Limitations of the study should also be considered. The main limitation of the study is its cross-sectional design, which precludes us from drawing causal inferences. Indeed, the association between the coping strategies and pain outcomes may be bi-directional, and factors such as anxiety and depression may have developed prior orofacial pain onset. Additionally, over two-thirds of the sample reported trigeminal neuralgia as their primary orofacial pain diagnosis, with only few cases of common diagnoses such as temporomandibular disorders (included under the “multiple diagnoses” or “other” categories). This may have impacted associations with the kinesiophobia scale (TSK-TMD), which is primarily used for musculoskeletal orofacial pain, and may limit generalizability of the findings to other orofacial pain populations to some degree. However, controlling for diagnoses in our statistical analyses may have partially reduced this risk.

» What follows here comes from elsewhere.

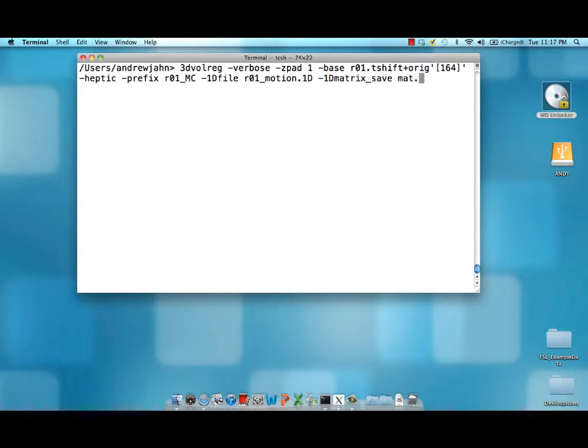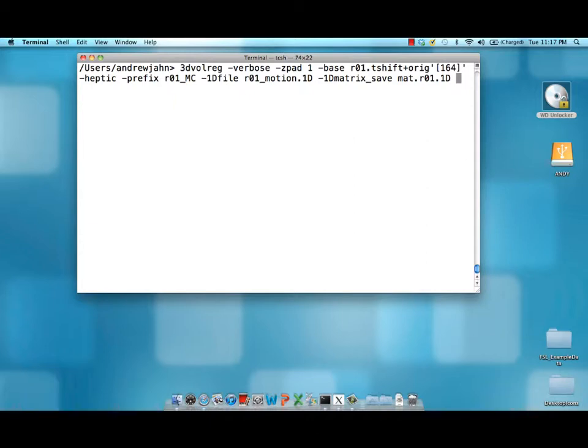We'll call that mat.r01.1d. This will be used at a later time with 3D Alineate when all of your functional images are co-registered to an anatomical image and then warped to a normalized space. We'll cover that later.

Finally, all assessments, including orofacial pain diagnoses, were self-reported, which inherently carries a risk of bias.71 Longitudinal studies capturing other chronic pain and health issues and testing the effects of interventions targeting these coping strategies are needed to help identify the specific and potentially causal role played by such factors in pain outcomes among individuals with heterogeneous chronic orofacial pain.

Conclusion

Across people with chronic orofacial pain recruited from a national facial pain association, we found alarming rates of depression and anxiety. Higher pain catastrophizing and kinesiophobia and lower mindfulness were associated with higher depression and anxiety. Higher pain catastrophizing was associated with higher pain and disability. Results support interventions that address these three coping factors and include heterogeneous samples of people with orofacial pain.

Acknowledgment

We would like to thank the Facial Pain Association for their contribution to data collection in this study.

Funding

This study was funded by grants from the National Center for Complementary and Integrative Health to the first (1K23AT010653-01A1) and senior (1K24AT011760-01) authors.

Disclosure

The authors declare that they have no conflicts of interest.